**DATA BELOW:**
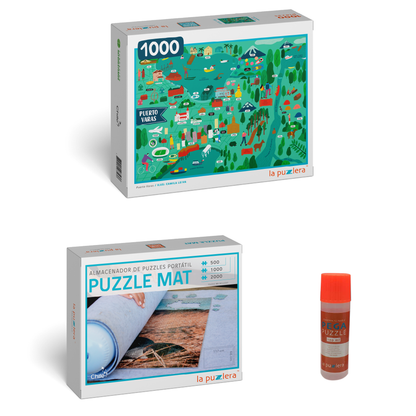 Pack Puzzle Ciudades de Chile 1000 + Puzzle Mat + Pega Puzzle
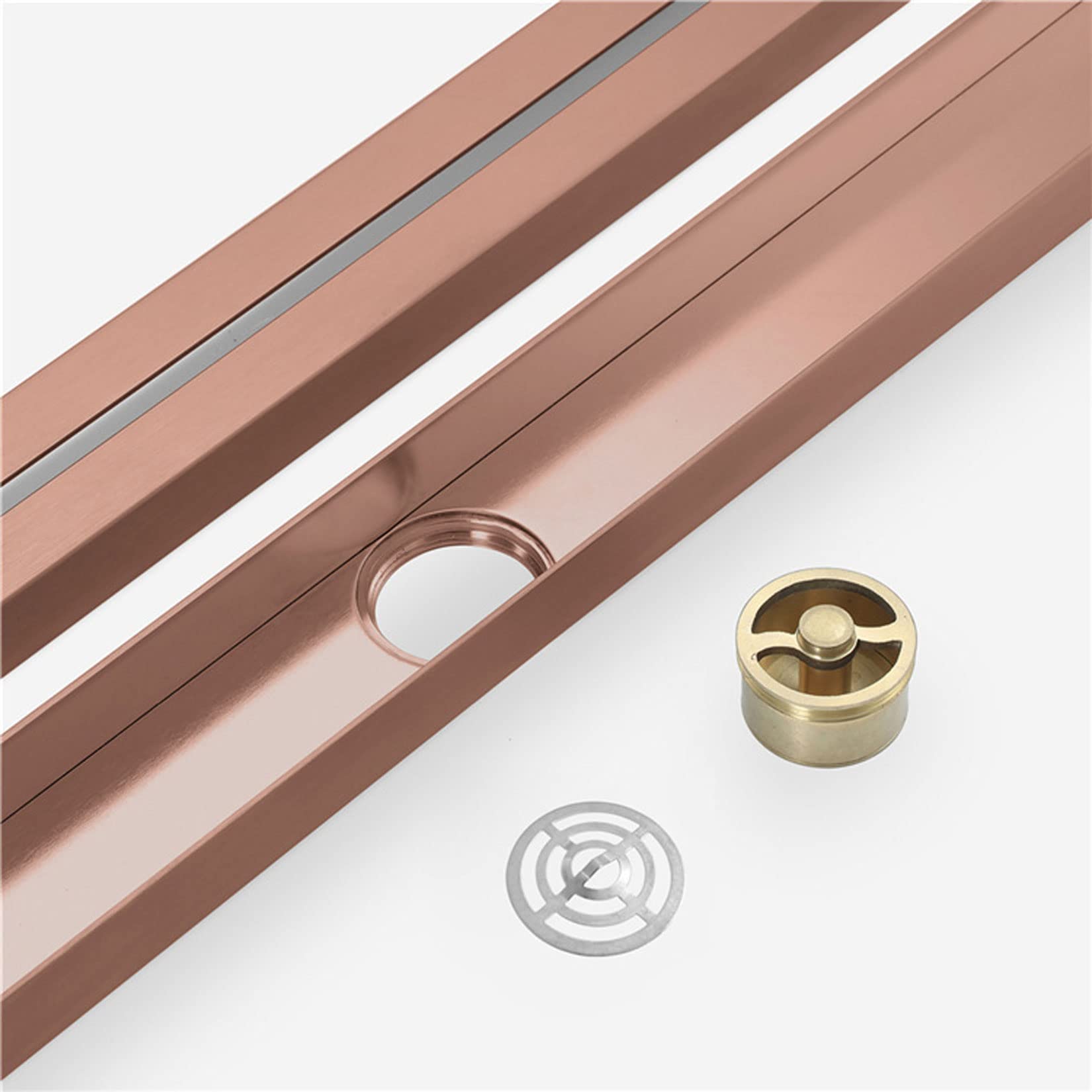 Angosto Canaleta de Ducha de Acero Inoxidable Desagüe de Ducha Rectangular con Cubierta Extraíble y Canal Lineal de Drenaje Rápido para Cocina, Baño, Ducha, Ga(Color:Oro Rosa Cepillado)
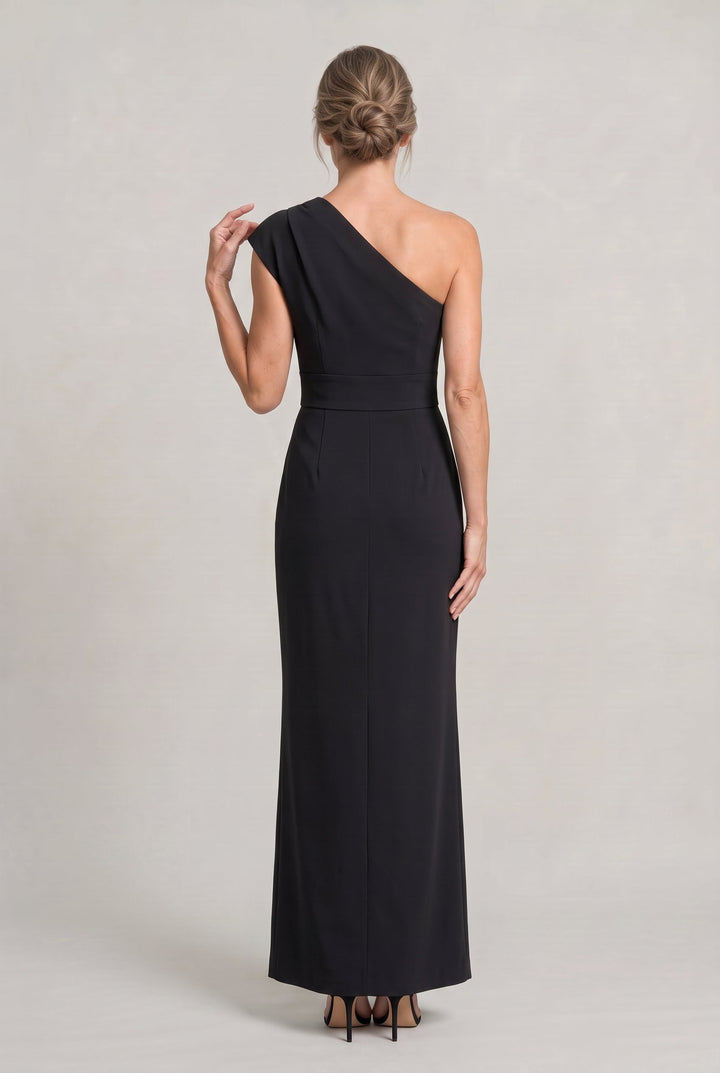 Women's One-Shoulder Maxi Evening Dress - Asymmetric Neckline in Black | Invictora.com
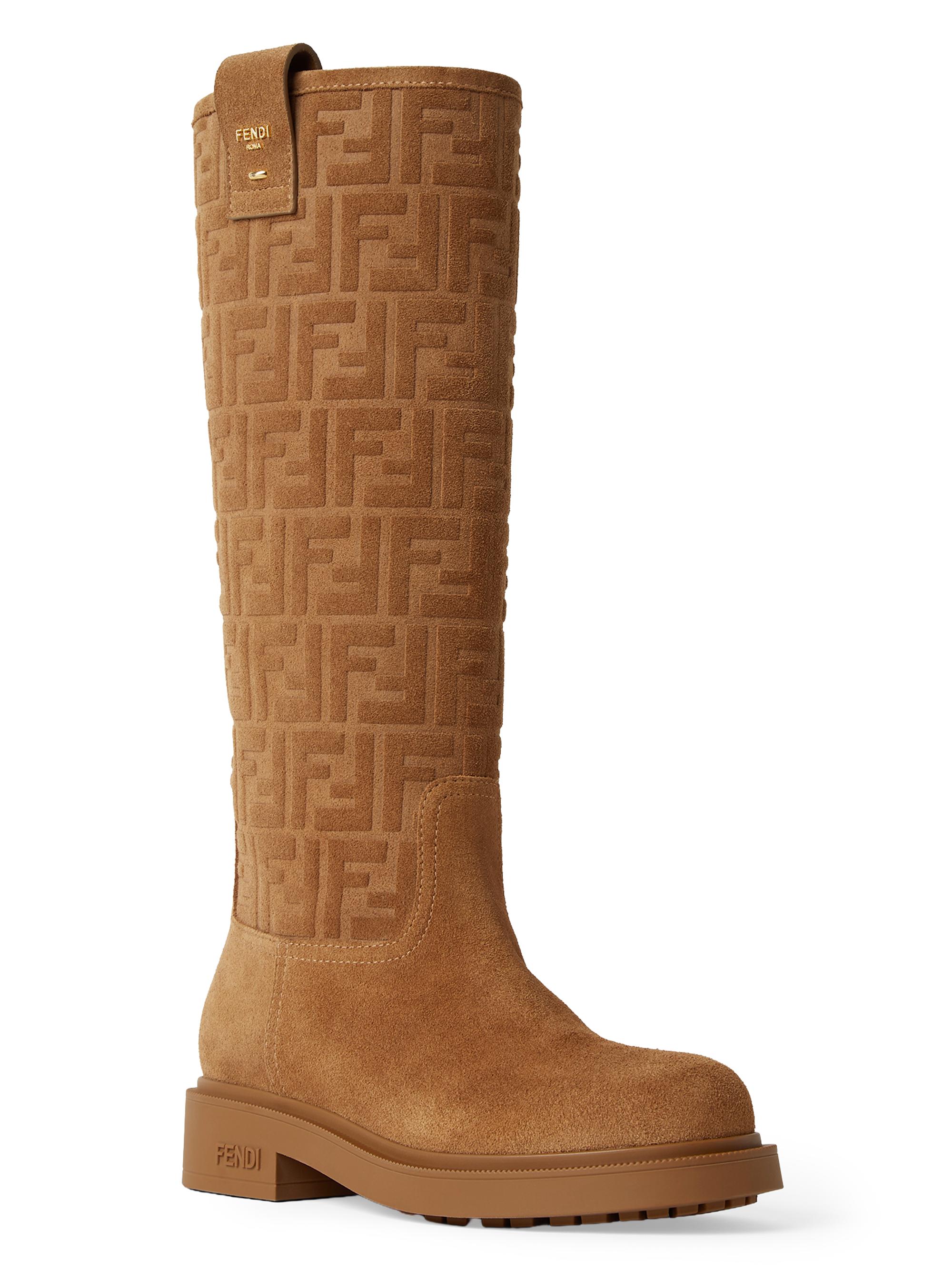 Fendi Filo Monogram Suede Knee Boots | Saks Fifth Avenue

**EXERCISE REQUIREMENTS:** Retype each line above precisely, please. Skip anything that is a picture.

**TASK RESULT:**
 Pack Puzzle Ciudades de Chile 1000 + Puzzle Mat + Pega Puzzle
 Angosto Canaleta de Ducha de Acero Inoxidable Desagüe de Ducha Rectangular con Cubierta Extraíble y Canal Lineal de Drenaje Rápido para Cocina, Baño, Ducha, Ga(Color:Oro Rosa Cepillado)
 Women's One-Shoulder Maxi Evening Dress - Asymmetric Neckline in Black | Invictora.com
 Fendi Filo Monogram Suede Knee Boots | Saks Fifth Avenue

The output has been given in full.